Sociedades alicerçadas em culturas orais, como as africanas, fizeram da
tradição oral patrimônio histórico, literário e filosófico, que sem rejeitar a
escrita defendem a preservação da prática da oralidade como sistema vivo,
eficaz, renovado e renovador da transmissão do conhecimento. (DUARTE,
2012, p. 11)
Ante esta perspectiva é possível destacar que a oralidade torna-se um ritual no
ato de contar e reverenciar as lembranças preservadas por aqueles que as vivenciaram e
por isso possuem propriedade para discursar acerca do episódio vivido, tornando
legítima sua narrativa. A palavra falada é sacralizada, de modo que as culturas orais
atribuem à fala a classificação de pilar que sustenta os valores e crenças através da
transmissão do conhecimento. A partir da oralidade, a história se propaga e alcança
patamares antes nunca imaginados, sendo perpassada entre a linhagem familiar e
comunitária, assim como “aquele que toca o tambor não sabe aonde o som chegará4”.
Fotografia no Candomblé:
A presença do registro fotográfico nos espaços das religiões de matriz africana é
concebida como elemento influente no processo de modernização pelo qual as religiões
estão a galgar desde o final do século XX e início do século XXI, ante a necessidade de
“modernizar suas práticas e crenças, uma vez que precisa se adaptar aos novos tempos
e, portanto, a novas expectativas e anseios dos praticantes.” (CAMPOS, 2011, p. 02)
Por meio do processo de modernização, rituais, eventos, vestimentas e aspectos físicos
dos terreiros são ressignificados, assim como o aprendizado dos fundamentos religiosos,
que passam a se fazer também pelo uso da escrita, áudio e fotografia, não limitando-se
apenas a oralidade, como antes.
A presença da fotografia dentro dos terreiros de Candomblé é um assunto em
discussão, pois algumas casas permitem o uso, outras não. As que restringem o uso
fotográfico no ambiente religioso justificam o ato afirmando que o Candomblé é uma
religião iniciática e hierarquizada, cujo conhecimento é adquirido por meio da
transmissão oral e do envolvimento do fiel com os compromissos da religião, ao longo
do tempo. A não permissão da fotografia nos rituais é para que os detalhes não sejam
revelados, por mais que ingênua a fotografia possa parecer, pois podem fornecer
condições para que alguma pessoa, de terreiro ou não, decifre os procedimentos que
devem, em tese, passar por uma trajetória de ensinamento oral, observação e convívio.

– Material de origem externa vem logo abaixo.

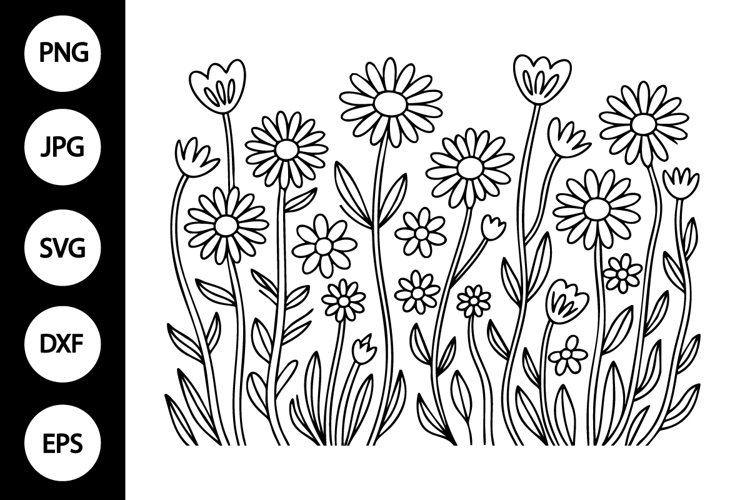 Meadow Flower Outline SVG, Coloring Page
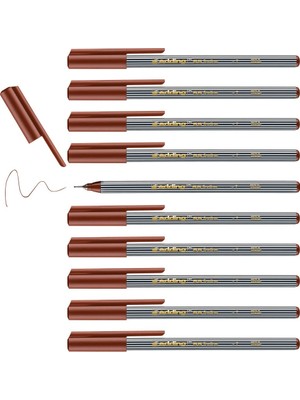 Velora Edding 55 Fineliner - Kahverengi - 10 Kalem - 0,3 mm Uç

Por outro lado, com o advento da modernidade, casas mais recentes permitem o
uso da fotografia, desde que solicitada permissão aos dirigentes locais5. Tal ato é
4 Provérbio africano. Domínio Público.
5 É o caso da Roça Oxaguiã Oxum Ipondá, fundada em 1992 e do Ilê Axé Boku Ibô Omo Opaoka,
fundado em 2010, ambas situadas na cidade de Recife-PE.
permitido na atualidade para que os registros criem uma memória coletiva das casas,
tornando-se um registro histórico da religião, das tradições e dos fiéis. Este pensamento
dialoga com a constatação de que o Candomblé pode ser definido não somente como
religião, mas como sociedade, cultura e religião. Com isso, é possível entender que
A imagem fotográfica fornece sempre informações acerca do objeto
fotografado, sejam elas relativas a determinado assunto que ocorre na
realidade visível, material, mas também em motivos puramente abstratos ou
ficcionais. Isso significa que são ilimitadas as possibilidades temáticas e que
a criação só encontra limites na imaginação do fotógrafo. (KOSSOY, 2014,
p. 56)
A fotografia por si não se completa. Ela não reúne em seu conteúdo o
conhecimento definitivo da ação realizada, sendo necessário complementar seu discurso
com documentos que alimentem a informação que se queira transpassar, como arquivos
oficiais, periódicos da época, literatura e histórias a respeito do acontecimento. As
informações escritas são primordiais para legitimar a autenticidade da fotografia e
favorecer o seu conceito documental. A fotografia pontua e congrega discursos.
A fotografia foi e ainda é vista como um modelo ideal de representação da
realidade, como instrumento documental e objeto analógico do real. Ao público leigo, a
imagem revelada soa como única e verdadeira sem perceber que aquela representação
do real foi construída pelo fotógrafo, para uma finalidade a partir das suas intenções.
(KOSSOY, 2014)
“Cada fotografia provoca que se contem histórias”. (SILVA, 2013, p. 19)
Seguindo a afirmação da historiadora Fabiana Bruce, contamos que nas fotografias
realizadas por Raul Lody é perceptível que as mesmas são ambientadas e possuem um
caráter mais documental evidente. Os objetos e atributos, quando aparecem, estão
sempre em primeiro plano e o objetivo é apresentar o mais real da cena e seus detalhes.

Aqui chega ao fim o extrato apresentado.